President Trump in 2017 pulled the U.S. out of the Paris Climate Accord, saying at the time that developing and more recently developed nations, such as economic giant China, didn’t pull their weight when it came to climate policies. Some lawmakers at the time said the cost to the U.S. economy and poorer citizens from reducing fossil fuel use for heat and transportation, at least in the short term, was worrisome.

And: Quinnipiac poll shows majority of voters say climate change is ‘emergency.’ A majority of registered voters nationwide, 56%, say that climate change is an emergency, while 42% do not. Democrats who say that climate change is an emergency registers at 84% to 14%, while independents say 63% to 36%. Republicans say that climate change is not an emergency by 81% to 18%, in this poll. Among 18 to 34 year old voters, who may expect to be the most affected by climate change, 74% say that climate change is an emergency, while 24% do not.

Voters also think that the United States isn’t doing enough to address climate change, with 67% of voters in the poll saying more needs to be done.
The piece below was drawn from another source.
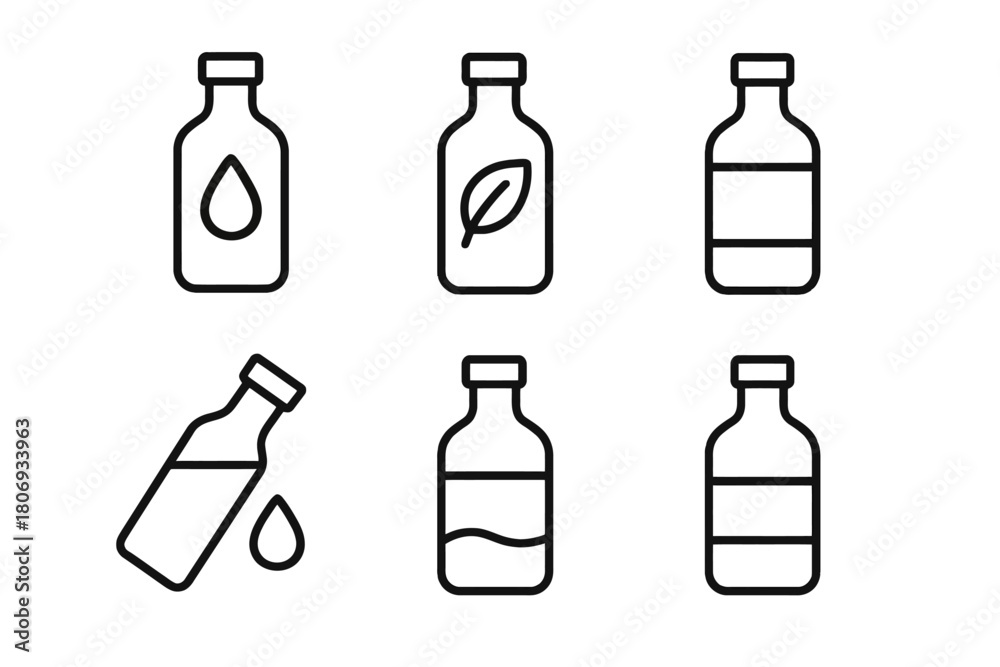 Fototapeta premium Minimalist outline icons of bottles with various designs and symbols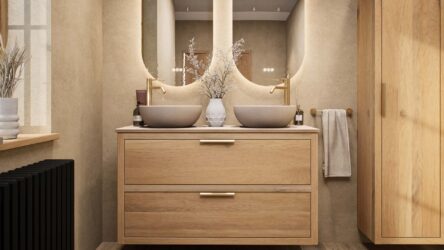 Hangend naturel eiken wastafelmeubel 120 cm met dubbele lade en limestone blad met twee witte waskommen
That’s a new high since the question was first asked by the Quinnipiac University poll in December 2015.

“As fires in the Amazon rainforest serve as just the latest concern about the planet, there is a sense of urgency about climate change among American voters,” said Mary Snow, polling analyst for the Quinnipiac University poll. “More than half call it an emergency.”

Climate fight requires a Net Zero ministry in the U.K.: chief scientist. People must use less transport, eat less red meat, buy fewer clothes and expedite technology to help in the climate-change fight if the U.K. is to come close to halting greenhouse gas emissions by 2050, says its chief environment scientist, Sir Ian Boyd, in an interview with BBC.
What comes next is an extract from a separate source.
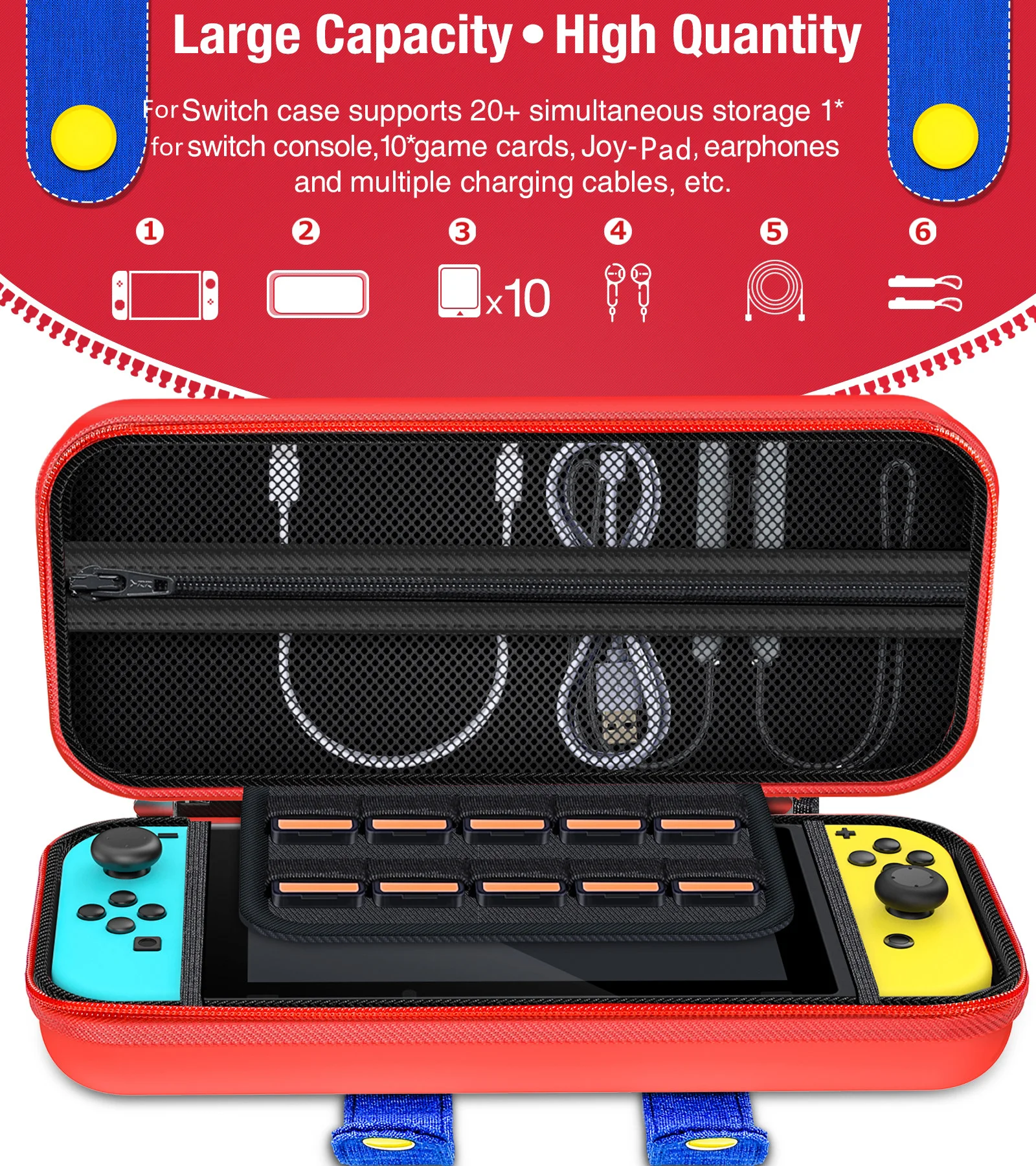 For Nintendo Switch Storage Bag Portable Waterproof Protective Case For Nintendo Switch Console Joypad For N-Switch Accessories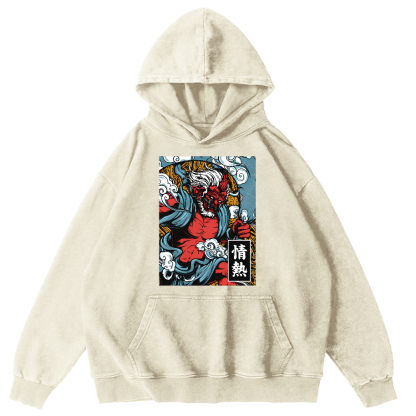 Passionate Japanese Style Image Vintage Distressed Hoodie-Zazasy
He calls for a Net Zero ministry to vet the policies of all government departments in the way the Brexit ministry vets Brexit-related decisions. Boyd warned that persuasive political leadership was needed to carry the public through the challenge. Asked whether Boris Johnson would deliver that leadership, Boyd declined to comment. Johnson has already been accused by environmentalists of talking up electric cars whilst reputedly planning a cut in driving taxes that would increase emissions and undermine the electric car market.

Opinion: Finance is slowly turning green, but fossil fuels still receive too much support

Light-rail proposals scrapped in Durham, N.C., and Baltimore, but not Phoenix. The high-population-growth Arizona city, in which car culture has dominated, voted this week to continue financing expansion of the region’s light-rail system. Unofficial election results posted on the city’s website showed that about 62% of voters wanted to continue financing an expanded rail system.

The vote in Phoenix, which has wrestled with poor air quality, intermittent droughts, in addition to traffic congestion, comes after decades of dizzying growth that ranks it as the nation’s fifth-largest city with a population of about 1.6 million. Mayor Kate Gallego, who has supported expanding the 28-mile rail system, described the election results as essential to the city’s future, the New York Times reported.